In order to examine whether we can reject one or more of the models, we will test whether the predictions for the three models (all based on the data for the single modalities) differ systematically from the actual data from the combined search task. The difference between the models is the largest if the search times are equal for the two modalities, and negligible if the modalities differ considerably. One could argue that we, therefore, should only analyse the condition with 12 items. To increase the power of our comparisons, and considering that not all participants are expected to perform equally fast for the two modalities when there are 12 items, we will also consider the conditions with 6 and 24 items. We will compare the predictions of each model for these three conditions with the data using a paired t test for the pooled data (three set sizes and ten participants; α = 0.05). As the three model predictions for each datapoint in the combined search task are based on exactly the same pairs of datapoints in the unimodal search, we did not introduce additional variability by performing three comparisons. Therefore, we did not correct the significance level for multiple comparisons.

Results

Participants only named a false target quadrant in 3.5% of the 1,000 unimodal trials (15 times for the visual task, 20 times for the haptic task) and only 8 times (1.6%) for the combined task. The combination of modalities thus improved the accuracy of the search (two-sample Z test, Z = 2.08, p < 0.05).

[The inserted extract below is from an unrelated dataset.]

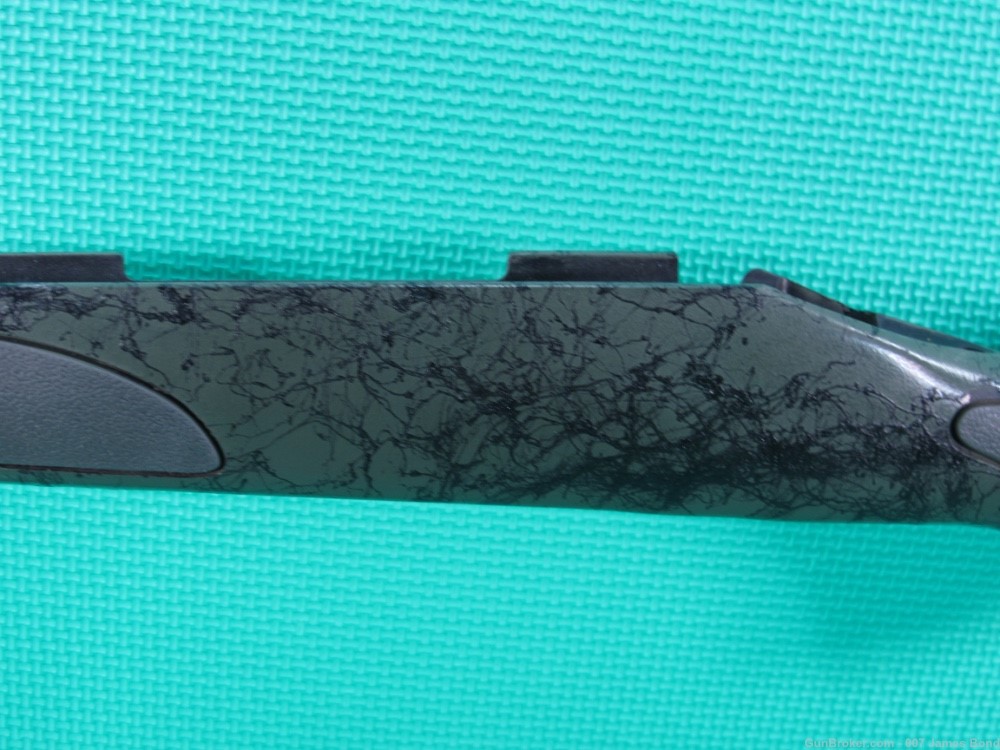 Remington 700 SPS Factory Stock Fits Long Action Magnum Green Synthetic -img-9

Figure 3 shows the search times for the visual search task and combined search task for each number of items in the visual display, together with the average search time for the haptic search task. The visual search time depends more or less linearly on the number of items in the display, increasing with about 250 ms per item, as expected for a serial search task involving saccades. The haptic search time is plotted as a horizontal line, because there was always only one haptic item: the target. It is clear from Fig. 3 that when there are 3 visual items visual search is faster than haptic search, whereas with 48 visual items haptic search is faster than visual search. This was true for all ten participants in our experiment. For the other numbers of items, the modality that yielded the shortest search times differed between participants.

Fig. 3
figure 3

Median search times for the three tasks (averaged over participants with standard errors)

Search times for the combined search task were shorter than those for the best modality for each number of visual items. As anticipated, the advantage of using two modalities was smaller for 3 and 48 visual items than for the intermediate number of items. For a display with three items, the search time for the combined search task is about the same as the search time for the visual search task. For a display with 48 items, the search time for the combined search task is very close to the search time for the haptic search task. For displays with 6, 12 or 24 items the search times for the combined search task are clearly shorter than the search times for either the visual only or the haptic only search tasks.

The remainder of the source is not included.